Practical Applications
Homeowner Uses
Contractor and Landscaper Uses
Depth Guidelines
For lawn topdressing, a shallow layer of 0.25 to 0.5 inch is common so grass is not smothered. For lawn repair or new seed, 1 to 3 inches of topsoil may be used depending on the existing soil. For landscape beds, 3 to 6 inches is common when refreshing soil. Raised beds often need 8 to 12 inches or more depending on the bed depth and planting goals.
For fill dirt, depth depends on the grade change. Fill should often be placed and compacted in layers rather than dumped all at once. Deep fill areas may need proper compaction, drainage, and sometimes professional evaluation, especially near structures, retaining walls, foundations, driveways, or patios.
Common Mistakes to Avoid
A common mistake is entering depth in feet when the calculator expects inches. Another mistake is forgetting that one cubic yard equals 27 cubic feet, not 9 or 12. Many users also forget to add extra material for settling, uneven grade, slopes, and spreading loss.

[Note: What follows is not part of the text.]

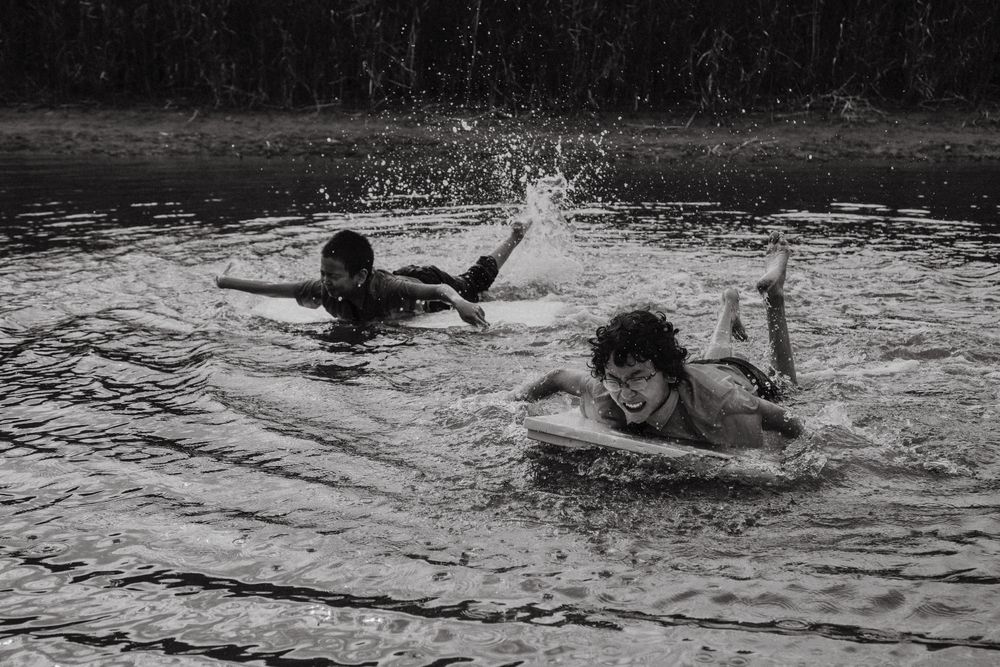 Happy boys swimming with board over water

Another mistake is using planting soil as fill or using fill dirt for garden beds. Fill dirt is usually cheaper but may not support healthy plant growth. Topsoil and garden soil cost more but are better for lawns and planting areas. Compost is useful as an amendment, but too much compost can shrink as it decomposes and may not provide stable grade.
Delivery planning is also important. Bulk dirt is heavy, and trucks need safe access. A full load may not be possible in wet conditions or on soft driveways. Ask suppliers where they can dump the soil, whether the price includes delivery, and whether the truck is limited by volume or weight.
Expert Recommendations
Measure carefully and use the average depth. If your yard is uneven, take several depth measurements and use a realistic average. Add 10% for most projects and more for rough grading or compacted fill. For planting areas, choose screened topsoil or a garden blend. For structural filling, choose appropriate fill material and compact in lifts.
For large projects, order bulk soil rather than bags. For small planters or patch repairs, bagged soil may be more convenient. If the project is near a foundation, retaining wall, drainage route, driveway, patio, or utility line, consider professional guidance before adding large amounts of dirt.
Conclusion
This dirt calculator estimates cubic yards, cubic feet, tons, truckloads, bags, delivery, labor, tax, and total cost for dirt and soil projects. It is useful for homeowners, gardeners, landscapers, contractors, and property managers who need quick planning numbers. Final quantities should be verified with actual site measurements, supplier recommendations, soil type, compaction needs, delivery access, and local pricing.